**SOURCE DATA**
"""

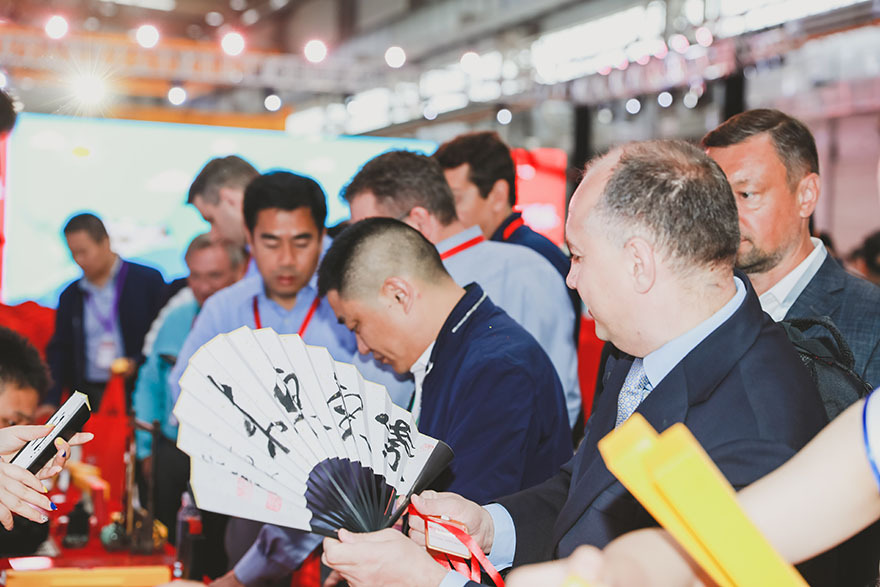 英格索蘭MSG項(xiàng)目園區(qū)制作工廠開(kāi)放儀式 英格索蘭MSG項(xiàng)目園區(qū)制作工廠開(kāi)放儀式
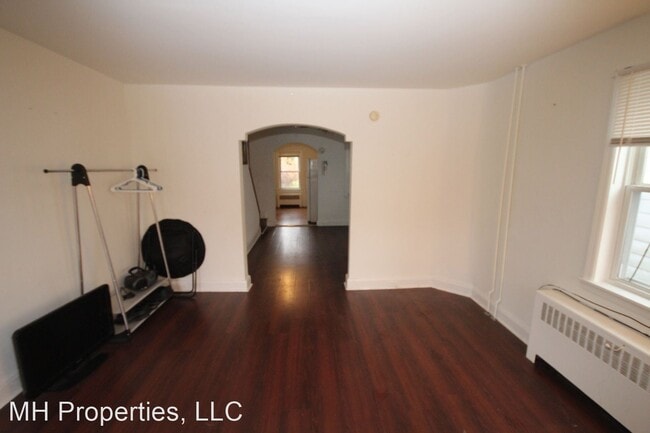 Building Photo - 2 br, 1 bath House - 3138 Strickland Street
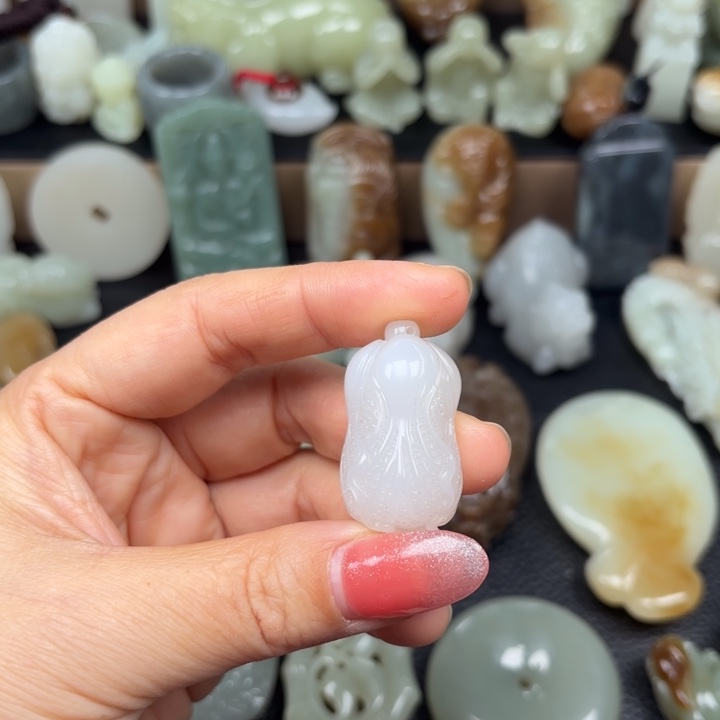 颈饰未镶嵌和田玉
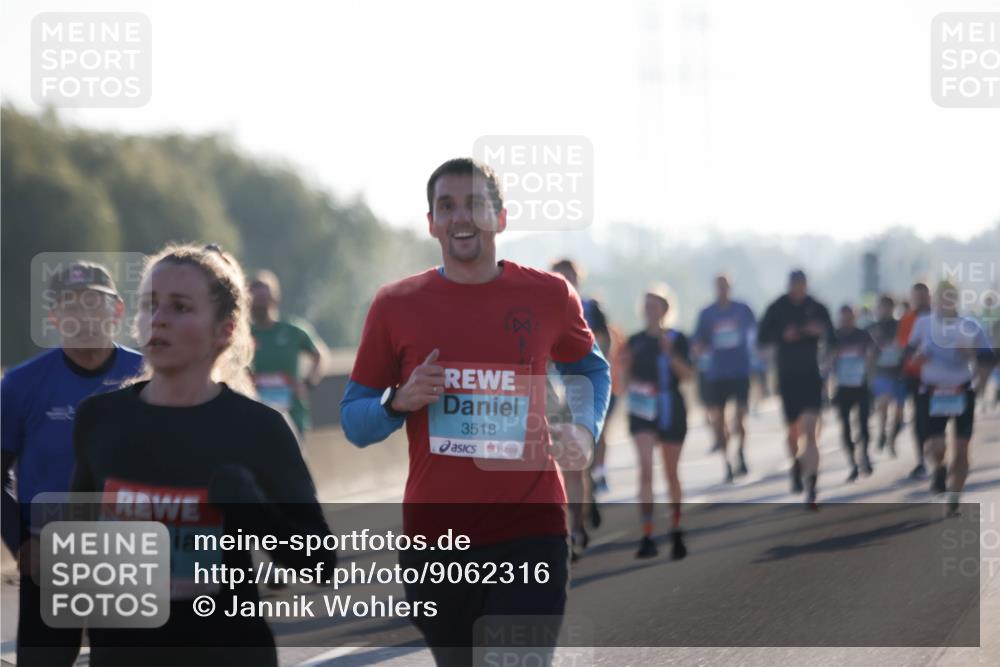 03.10.2025 - Köhlbrandbrückenlauf Jannik Wohlers http://msf.ph/oto/9062316 03.10.2025 09:15:33 Position 3 1208, 3518 meine-sportfotos.de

"""

**WHAT IS EXPECTED**
Please output the material above unchanged, apart from removing the pictures.

**RESPONSE TO THIS TASK**
 英格索蘭MSG項(xiàng)目園區(qū)制作工廠開(kāi)放儀式 英格索蘭MSG項(xiàng)目園區(qū)制作工廠開(kāi)放儀式
 Building Photo - 2 br, 1 bath House - 3138 Strickland Street
 颈饰未镶嵌和田玉
 03.10.2025 - Köhlbrandbrückenlauf Jannik Wohlers http://msf.ph/oto/9062316 03.10.2025 09:15:33 Position 3 1208, 3518 meine-sportfotos.de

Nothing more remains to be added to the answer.